Buğday taban fiyatı henüz açıklanmamış olmasına rağmen ekmek fiyatının 10 lira olacağı yönündeki ortaya iddiaların atıldığına dikkat çeken CHP Milletvekili Ömer Fethi Gürer, “Ekmek fiyatında un kadar diğer giderler etkisi var. İşçilik, elektrik, akaryakıt, kira, maya,su,tuz vb. giderler ile büyük şehirde ekmek fiyatı artışı isteniyor. Bu durumda  fırıncılar istediği  ekmek satış fiyatı 10 lira olursa, fakir fukara ekmeğe ulaşımda sorun yaşar. TMO bu bağlamda buğday taban fiyatı artış olunca un için buğday sübvanse etmelidir. Yıllardır DİR kapsamında ithal buğday fiyatını sübvanse ederek sanayiciye verilmektedir. Girdi maliyeti artarken enflasyon varken buğday taban fiyatı baskılanırsa gelecek yıl üretim düşer ithalat artar. Çiftçi girdi maliyeti düşürülmeden fiyatlar düşmez. Önce girdi maliyetleri için önlem aşınmalıdır. Çiftçi gelir gider dengesi aleyhine değiştikçe üretimden uzaklaşır. Düşen üretim fiyatlar artırır. İthalata ülke mecbur bırakılır” diye konuştu.

REKOLTE DÜŞEBİLİR

CHP Milletvekili Gürer, bugünlerde açıklanacak olan buğdayın taban fiyatının düşük tutulması halinde, buğday rekoltesinin önümüzdeki yıllarda sorun oluşturacağına vurgu yaptı.
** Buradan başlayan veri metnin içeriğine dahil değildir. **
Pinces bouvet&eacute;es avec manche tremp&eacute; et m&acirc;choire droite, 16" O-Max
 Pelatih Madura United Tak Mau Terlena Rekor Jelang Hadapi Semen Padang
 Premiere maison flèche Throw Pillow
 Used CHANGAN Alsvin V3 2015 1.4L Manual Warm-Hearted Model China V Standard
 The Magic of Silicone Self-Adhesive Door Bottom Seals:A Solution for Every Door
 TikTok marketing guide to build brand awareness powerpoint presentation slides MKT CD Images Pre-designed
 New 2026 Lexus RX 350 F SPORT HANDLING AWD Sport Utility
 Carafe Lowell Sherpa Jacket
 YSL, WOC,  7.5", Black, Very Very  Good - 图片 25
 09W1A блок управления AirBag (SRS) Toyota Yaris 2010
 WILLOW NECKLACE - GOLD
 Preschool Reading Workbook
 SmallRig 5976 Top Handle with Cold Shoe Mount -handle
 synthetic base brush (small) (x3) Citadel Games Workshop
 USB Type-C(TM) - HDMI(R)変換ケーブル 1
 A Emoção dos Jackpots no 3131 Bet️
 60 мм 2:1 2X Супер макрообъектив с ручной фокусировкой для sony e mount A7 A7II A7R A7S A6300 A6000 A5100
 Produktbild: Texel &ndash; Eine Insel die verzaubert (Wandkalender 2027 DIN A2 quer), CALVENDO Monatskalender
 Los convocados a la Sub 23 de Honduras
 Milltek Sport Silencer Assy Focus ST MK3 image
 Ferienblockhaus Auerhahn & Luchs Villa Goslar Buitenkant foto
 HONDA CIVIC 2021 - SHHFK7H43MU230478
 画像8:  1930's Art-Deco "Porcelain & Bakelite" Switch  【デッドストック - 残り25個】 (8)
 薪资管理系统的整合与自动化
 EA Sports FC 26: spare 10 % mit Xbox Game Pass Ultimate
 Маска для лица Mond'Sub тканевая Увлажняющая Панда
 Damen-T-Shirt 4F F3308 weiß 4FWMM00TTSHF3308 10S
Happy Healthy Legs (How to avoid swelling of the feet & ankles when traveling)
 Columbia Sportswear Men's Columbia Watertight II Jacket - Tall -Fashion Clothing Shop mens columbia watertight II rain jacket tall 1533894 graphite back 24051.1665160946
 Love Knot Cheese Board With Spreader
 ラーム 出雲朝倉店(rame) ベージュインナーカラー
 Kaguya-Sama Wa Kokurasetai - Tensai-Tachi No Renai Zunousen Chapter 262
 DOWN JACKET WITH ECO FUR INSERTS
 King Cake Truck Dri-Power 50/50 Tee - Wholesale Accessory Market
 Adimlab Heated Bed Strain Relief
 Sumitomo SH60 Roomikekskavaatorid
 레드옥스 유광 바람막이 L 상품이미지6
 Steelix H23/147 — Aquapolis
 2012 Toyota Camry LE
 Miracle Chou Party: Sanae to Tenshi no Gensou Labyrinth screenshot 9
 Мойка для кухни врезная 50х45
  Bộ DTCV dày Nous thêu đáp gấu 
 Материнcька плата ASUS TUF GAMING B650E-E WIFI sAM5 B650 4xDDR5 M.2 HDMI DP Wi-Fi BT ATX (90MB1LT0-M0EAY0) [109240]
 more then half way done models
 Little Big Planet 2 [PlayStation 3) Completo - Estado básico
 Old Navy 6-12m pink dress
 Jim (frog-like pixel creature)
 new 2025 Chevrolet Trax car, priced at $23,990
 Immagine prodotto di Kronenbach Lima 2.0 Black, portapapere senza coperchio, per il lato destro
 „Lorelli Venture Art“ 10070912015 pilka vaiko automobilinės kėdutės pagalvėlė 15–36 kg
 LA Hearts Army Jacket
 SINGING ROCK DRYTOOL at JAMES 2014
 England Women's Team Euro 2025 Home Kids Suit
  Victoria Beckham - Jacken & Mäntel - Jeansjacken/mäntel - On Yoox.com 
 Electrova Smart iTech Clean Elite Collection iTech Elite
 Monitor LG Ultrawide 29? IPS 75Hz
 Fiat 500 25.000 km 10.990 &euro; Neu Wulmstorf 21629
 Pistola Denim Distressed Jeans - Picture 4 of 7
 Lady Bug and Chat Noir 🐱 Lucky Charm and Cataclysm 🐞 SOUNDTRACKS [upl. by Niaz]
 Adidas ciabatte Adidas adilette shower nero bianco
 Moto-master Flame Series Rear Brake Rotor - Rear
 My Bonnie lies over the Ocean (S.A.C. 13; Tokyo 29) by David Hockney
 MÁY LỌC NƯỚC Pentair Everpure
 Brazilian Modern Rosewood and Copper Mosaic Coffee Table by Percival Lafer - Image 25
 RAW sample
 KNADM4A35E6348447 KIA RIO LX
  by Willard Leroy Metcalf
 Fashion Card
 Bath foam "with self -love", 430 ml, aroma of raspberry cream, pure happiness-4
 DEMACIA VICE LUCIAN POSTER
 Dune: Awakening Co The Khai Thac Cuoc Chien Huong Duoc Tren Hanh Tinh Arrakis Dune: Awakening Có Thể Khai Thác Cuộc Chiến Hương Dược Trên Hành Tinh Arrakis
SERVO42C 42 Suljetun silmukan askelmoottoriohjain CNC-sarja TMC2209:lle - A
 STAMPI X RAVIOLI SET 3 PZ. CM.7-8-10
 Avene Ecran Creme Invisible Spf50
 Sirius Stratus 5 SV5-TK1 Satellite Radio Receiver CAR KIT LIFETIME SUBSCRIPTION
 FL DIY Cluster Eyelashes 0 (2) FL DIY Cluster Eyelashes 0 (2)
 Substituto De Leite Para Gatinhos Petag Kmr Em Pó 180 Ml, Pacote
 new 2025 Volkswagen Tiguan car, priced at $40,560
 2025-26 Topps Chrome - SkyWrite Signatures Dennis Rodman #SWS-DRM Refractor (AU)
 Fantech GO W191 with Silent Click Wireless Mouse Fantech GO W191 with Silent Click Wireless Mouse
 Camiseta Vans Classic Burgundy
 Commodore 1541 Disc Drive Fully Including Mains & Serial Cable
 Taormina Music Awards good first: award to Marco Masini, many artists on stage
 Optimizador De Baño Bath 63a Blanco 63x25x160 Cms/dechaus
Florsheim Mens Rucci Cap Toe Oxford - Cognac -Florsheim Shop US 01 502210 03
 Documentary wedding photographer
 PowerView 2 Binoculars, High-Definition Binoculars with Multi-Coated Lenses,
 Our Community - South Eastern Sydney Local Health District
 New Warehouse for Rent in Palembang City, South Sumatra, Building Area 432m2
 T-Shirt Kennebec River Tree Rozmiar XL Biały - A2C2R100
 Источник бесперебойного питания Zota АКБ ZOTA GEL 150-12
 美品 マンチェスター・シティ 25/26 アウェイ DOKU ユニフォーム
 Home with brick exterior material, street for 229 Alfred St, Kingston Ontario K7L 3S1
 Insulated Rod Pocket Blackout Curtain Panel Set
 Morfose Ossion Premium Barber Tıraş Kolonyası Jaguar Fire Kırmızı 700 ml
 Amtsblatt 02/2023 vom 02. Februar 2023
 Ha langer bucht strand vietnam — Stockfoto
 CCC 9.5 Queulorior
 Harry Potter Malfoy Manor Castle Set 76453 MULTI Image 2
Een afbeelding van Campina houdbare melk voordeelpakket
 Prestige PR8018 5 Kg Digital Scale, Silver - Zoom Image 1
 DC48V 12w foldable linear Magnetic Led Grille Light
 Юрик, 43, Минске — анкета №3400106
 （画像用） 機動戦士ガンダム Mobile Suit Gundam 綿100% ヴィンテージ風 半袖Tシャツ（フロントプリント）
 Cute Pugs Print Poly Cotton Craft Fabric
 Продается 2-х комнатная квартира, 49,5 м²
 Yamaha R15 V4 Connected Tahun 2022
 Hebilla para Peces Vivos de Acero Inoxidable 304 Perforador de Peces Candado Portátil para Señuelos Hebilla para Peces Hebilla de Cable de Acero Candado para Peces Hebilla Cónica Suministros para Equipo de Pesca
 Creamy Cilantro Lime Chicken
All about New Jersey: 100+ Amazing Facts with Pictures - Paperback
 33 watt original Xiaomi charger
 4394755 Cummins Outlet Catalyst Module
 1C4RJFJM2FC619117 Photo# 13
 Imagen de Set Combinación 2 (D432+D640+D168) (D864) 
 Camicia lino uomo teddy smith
Gürer, “TMO’nun verilerine göre 1994 yılında 9 milyon 800 bin hektar olan ekili hububat ekili alanın 2004 yılında  9 milyon 300 bin hektar,2020 yılında ise 6 milyon 900 bin hektara geriledi. Ortalama buğday üretimi 20 milyon ton. Ekim alanları azalmasına rağmen verim artışı sağlanarak. Buğday üretim miktarı belirli seviyede tutuluyor. Nüfus artıyor. Üretim aynı kalıyor ve Bakanlığa göre açığımız yok.Nasıl oluyorsa!” şeklinde konuştu.

Dahilinde İşleme Rejimi kapsamında yurtdışından yıllık 10 milyon tona yakın buğday ithal edilerek, un, makarna, irmik üretilerek yurtdışına satış yapıldığını aktaran CHP Milletvekili Ömer Fethi Gürer, Dahilinde İşleme Rejimi kapsamında yurtdışından getirilen buğdayın bir bölümün geçmiş yıllarda yurt içinde tüketildiğini yönünde iddialarında olduğunu belirtti.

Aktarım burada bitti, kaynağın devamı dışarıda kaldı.